Apart from her crime and detective stories, tales of the supernatural, romance and fantasy all appeared under her name in many of the multitude of magazines that filled the bookstalls. Many of the stories later published in the collections The Mysterious Mr Quin, The Hound of Death and The Listerdale Mystery were written and first published in the 1920s. And, of course, it was during the 1920s that Miss Marple made her first appearance, in the short story ‘The Tuesday Night Club’, published in The Royal Magazine in December 1927. With the exception of the final entry, ‘Death by Drowning’, the stories that appear in The Thirteen Problems were all written in the 1920s and appeared in two batches, the first six between December 1927 and May 1928, and the second between December 1929 and May 1930. In 1924 her first poetry collection The Road of Dreams was published. And it seems likely that her own stage adaptation of The Secret of Chimneys was begun in the late 1920s, as was the unpublished and unperformed script of the macabre short story ‘The Last Séance’.

The other important career decision taken in 1923 was to employ the services of a literary agent, Edmund Cork. The first task undertaken by Cork was to extricate Christie from a very one-sided contract with The Bodley Head Ltd and negotiate a more favourable arrangement with Collins, the publisher with which she was destined to remain for the rest of her life; as, indeed, she did with Edmund Cork.

Three of the best short stories Christie ever wrote were published during this decade. In January 1925 ‘Traitor Hands’, later to achieve immortality as the play, and subsequent film, Witness for the Prosecution, appeared in Flynn’s Weekly. The much-anthologised ‘Accident’ was published in the Daily Express in 1929; this was later adapted by other hands into the one-act play Tea for Three. And ‘Philomel Cottage’, which spawned five screen versions as Love from a Stranger, appeared in The Grand in November 1924.

Finally, the first stage and screen version of her work appeared during the 1920s. Alibi, adapted for the stage by Michael Morton from The Murder of Roger Ackroyd, opened in May 1928 while the same year saw the opening of films of The Secret Adversary – as Die Abenteuer G.m.b.h. – and The Passing of Mr Quinn, based loosely on the short story ‘The Coming of Mr Quin’.

This hugely prolific decade shows Christie gaining an international reputation while experimenting with form and structure within, and outside, the detective genre.
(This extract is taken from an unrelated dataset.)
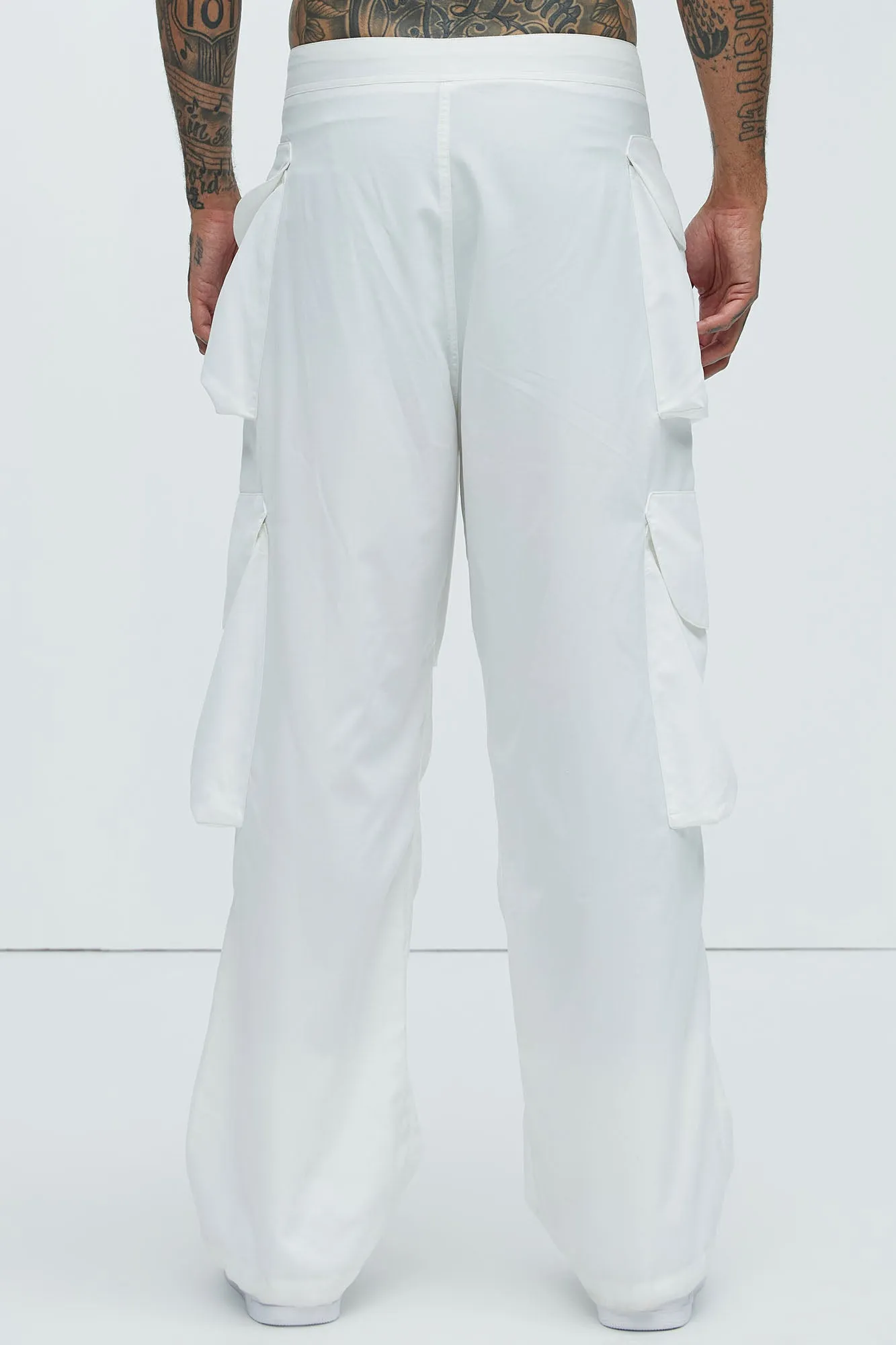 Angel Numbers Baggy Cargo Pants - White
Although her first novel was very definitely a detective story, her output for the following nine years returned only three times to the form in which she was eventually to gain immortality.

The Mysterious Affair at Styles

21 January 1921


Arthur Hastings goes to Styles Court, the home of his friend John Cavendish, to recuperate during the First World War. He senses tension in the household and this is confirmed when his hostess, John’s stepmother, is poisoned. Luckily, a Belgian refugee staying nearby is an old friend, a retired policeman called Hercule Poirot.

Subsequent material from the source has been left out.